There were no reports of serious injuries, New South Wales state police said in a statement.

On Tuesday, Herzog visited the Moriah College high school in Sydney, where, among other things, he spoke of the protests.

“I know that the demonstrators and protesters who are cursing us, saying the biggest lies and affirmations against our nation, do not want to hear this, but I believe that the silent majority of Australians definitely want to hear and move back on track,” he said, according to a statement from his office.

Police granted special powers

Thousands gathered in central Sydney on Monday to protest against Herzog’s visit.


People hold up placards during a protest rally against a four-day state visit by Israeli President Isaac Herzog, in Melbourne on February 9, 2026. (Photo by William WEST / AFP)

Police had been authorized to use rarely invoked powers during the protest, including directing crowds to move, restricting their entry to certain areas, and searching vehicles. A legal challenge to those restrictions was dismissed by a Sydney court on Monday. Herzog was not present at the protest site.

Television footage showed some protesters trying to push through blockades as officers forced them back. Some were seen lying on the ground while police tried to restrain them.

Police used tear gas and pepper spray to disperse the crowd.

New South Wales state Premier Chris Minns defended police actions, saying officers were required to make rapid decisions in tense and volatile situations, and urged calm.

“I understand there’s criticisms of New South Wales Police, I just want to make it clear they were caught in an impossible situation,” he told a press conference.


First Lady Michal Herzog and President Isaac Herzog visit Moriah College in Sydney on February 10, 2026 (Maayan Toaf/GPO)

In a statement, the Palestine Action Group Sydney said protesters were unable to leave the event because they were surrounded by police on all sides.

“The police began charging the crowd with horses, indiscriminately pepper spraying the crowd, punching and arresting people,” the group said.

Abigail Boyd, an opposition Green lawmaker in the state parliament, said she had been punched by officers while attempting to vacate the site.

“I have a very sore arm and shoulder where they punched me. I’m really in shock,” she told a press conference.

New South Wales Police Commissioner Mal Lanyon said police actions were justified and that they showed restraint.

“Police did what they needed to do, which was to hold the line and then form and move the protesters back with a view to dispersing them,” he said. “Having an angry and violent mob marching on police is not a situation that I want our officers in.”


Police deploy pepper spray to disperse pro-Palestinian, anti-Israel protesters taking part in a rally against President Isaac Herzog’s visit to Australia in Sydney on February 9, 2026. (Saeed Khan / AFP)

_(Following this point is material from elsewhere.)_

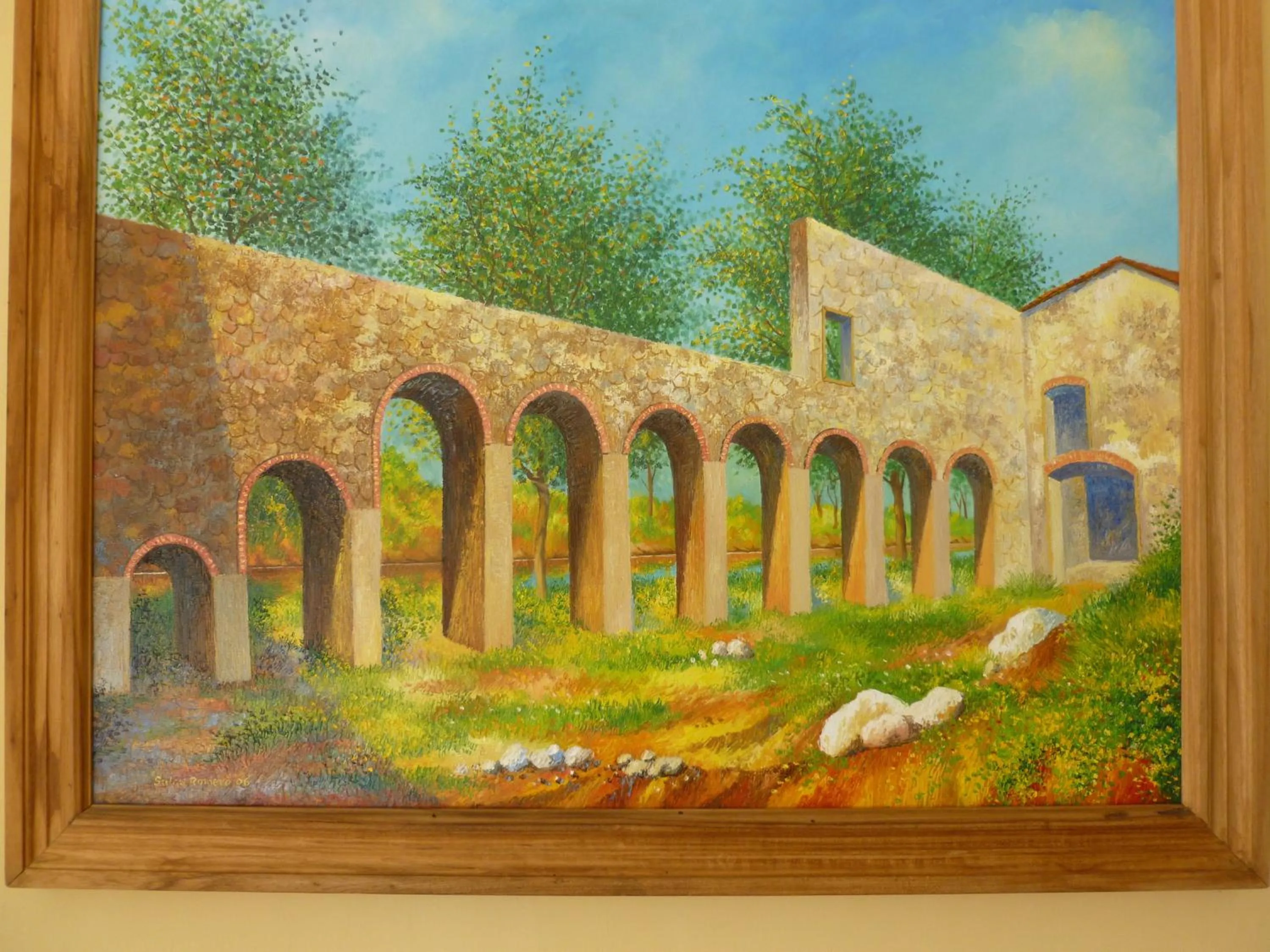 Other in Hotel del Rio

Josh Lees, the head of Palestine Action Group Sydney, said supporters of the group would rally outside police headquarters in the city on Tuesday evening in response to Monday’s clashes.

Herzog said at the outset of his visit that he had “come here in goodwill.”

He accused protesters of seeking to “undermine and delegitimize” Israel’s right to exist.

The UN’s Independent International Commission of Inquiry found last year that Herzog was liable for prosecution for inciting genocide after he said all Palestinians — “an entire nation” — were responsible for the Hamas attack on Israel.

Its report was published after a two-year investigation by the commission following the Hamas-led October 7, 2023, terror onslaught, to which it only made a fleeting reference, while not including any details on the attack that started the war in Gaza. In the shock attack, terrorists invaders killed 1,200 people in southern Israel and seized 251 as hostages.

Israel has “categorically” rejected the inquiry’s report, describing it as “distorted and false” and calling for the body’s abolition.